Dataset entries:
═══

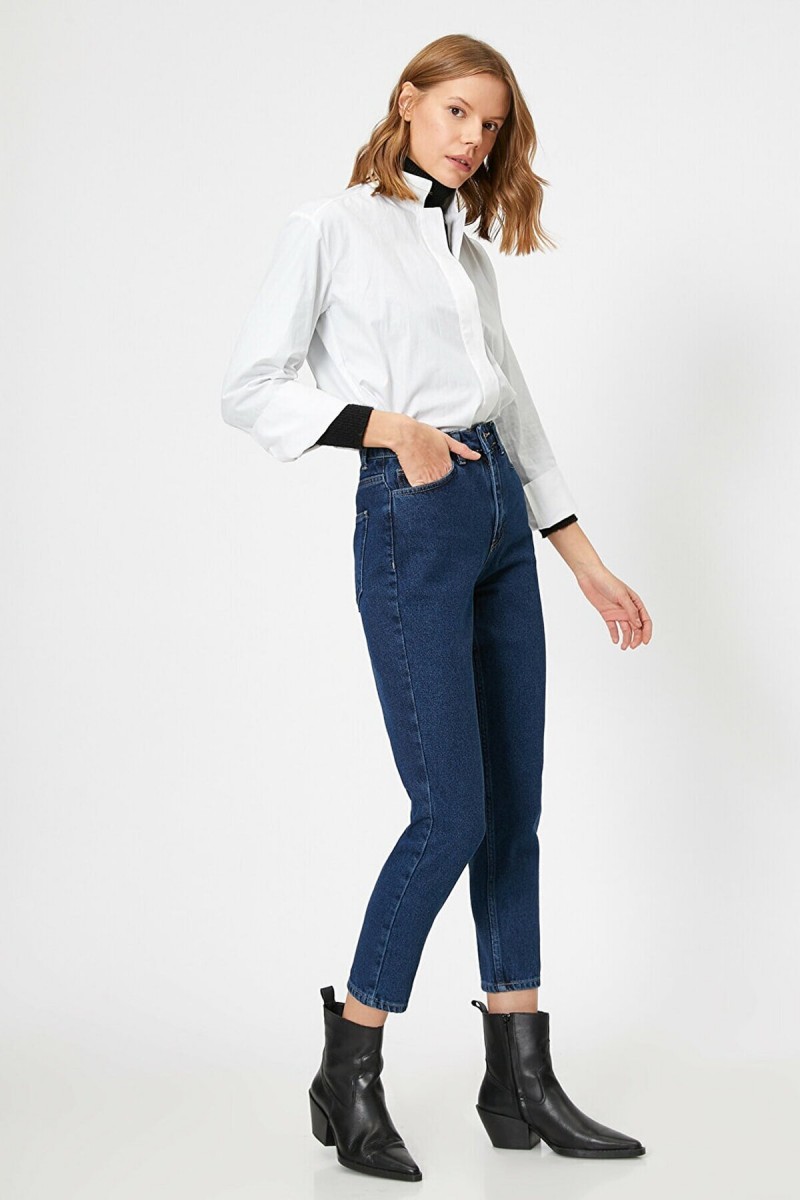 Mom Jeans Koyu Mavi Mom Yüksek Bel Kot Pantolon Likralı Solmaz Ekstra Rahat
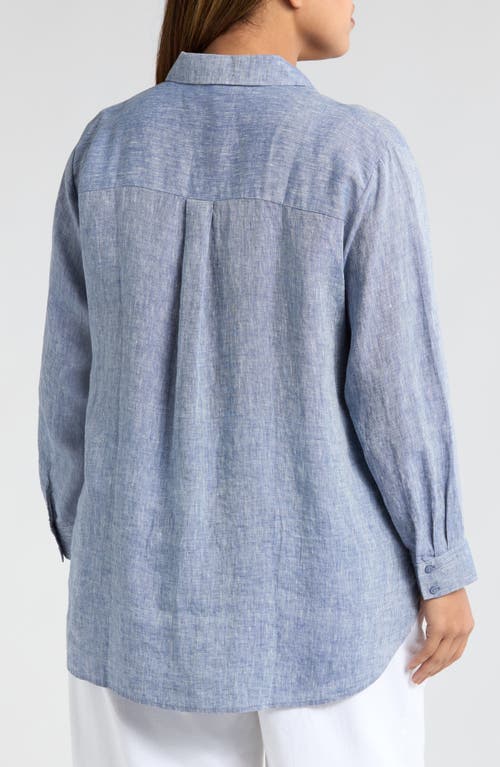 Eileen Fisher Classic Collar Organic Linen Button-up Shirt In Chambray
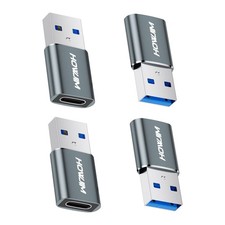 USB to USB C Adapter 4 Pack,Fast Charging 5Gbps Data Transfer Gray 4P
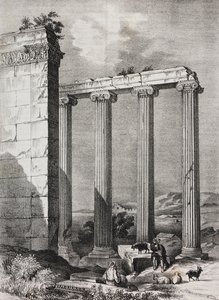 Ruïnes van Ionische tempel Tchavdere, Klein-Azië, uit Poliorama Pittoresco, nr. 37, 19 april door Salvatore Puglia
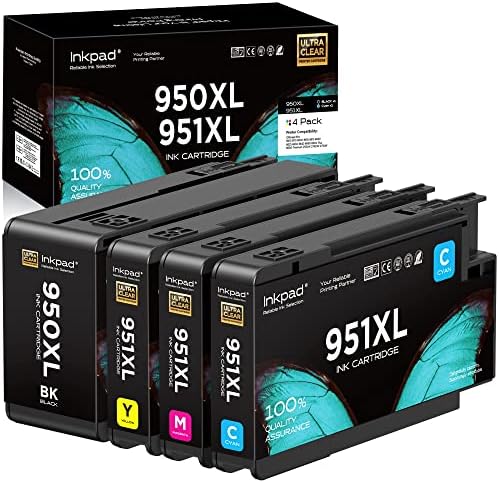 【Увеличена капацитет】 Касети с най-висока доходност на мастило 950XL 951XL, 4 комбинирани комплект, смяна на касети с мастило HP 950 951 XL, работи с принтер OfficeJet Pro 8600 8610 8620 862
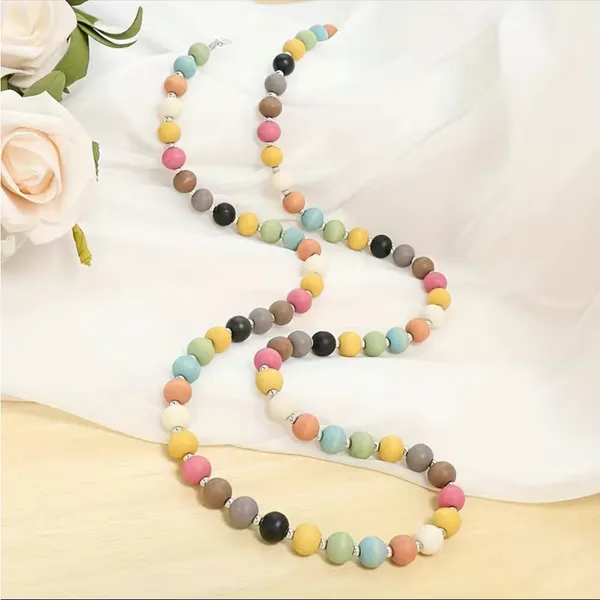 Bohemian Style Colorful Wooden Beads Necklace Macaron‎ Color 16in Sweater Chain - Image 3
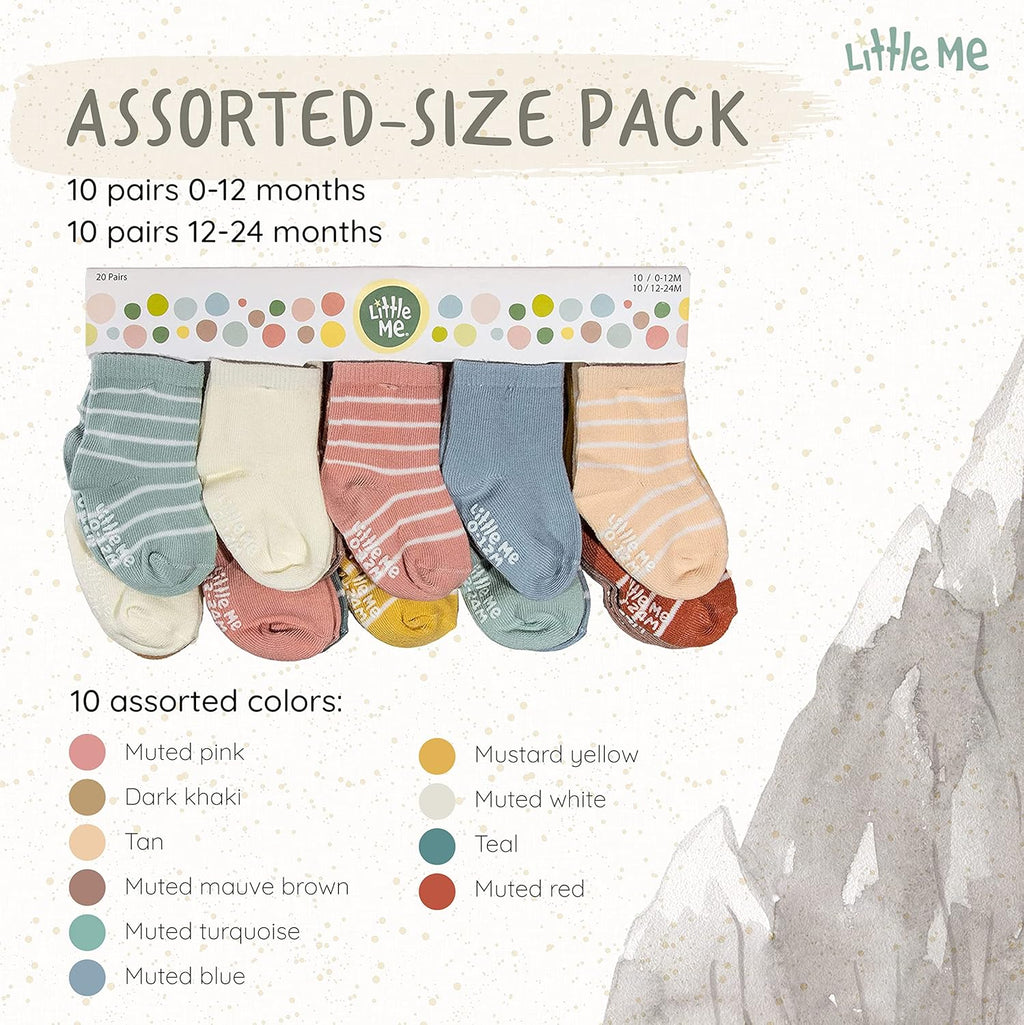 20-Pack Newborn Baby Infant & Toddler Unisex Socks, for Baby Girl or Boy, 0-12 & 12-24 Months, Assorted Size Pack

═══

Problem:
Would you restate all of the data above word for word, omitting the pictures?

Task response:
 Mom Jeans Koyu Mavi Mom Yüksek Bel Kot Pantolon Likralı Solmaz Ekstra Rahat
 Eileen Fisher Classic Collar Organic Linen Button-up Shirt In Chambray
 USB to USB C Adapter 4 Pack,Fast Charging 5Gbps Data Transfer Gray 4P
 Ruïnes van Ionische tempel Tchavdere, Klein-Azië, uit Poliorama Pittoresco, nr. 37, 19 april door Salvatore Puglia
 【Увеличена капацитет】 Касети с най-висока доходност на мастило 950XL 951XL, 4 комбинирани комплект, смяна на касети с мастило HP 950 951 XL, работи с принтер OfficeJet Pro 8600 8610 8620 862
 Bohemian Style Colorful Wooden Beads Necklace Macaron‎ Color 16in Sweater Chain - Image 3
 20-Pack Newborn Baby Infant & Toddler Unisex Socks, for Baby Girl or Boy, 0-12 & 12-24 Months, Assorted Size Pack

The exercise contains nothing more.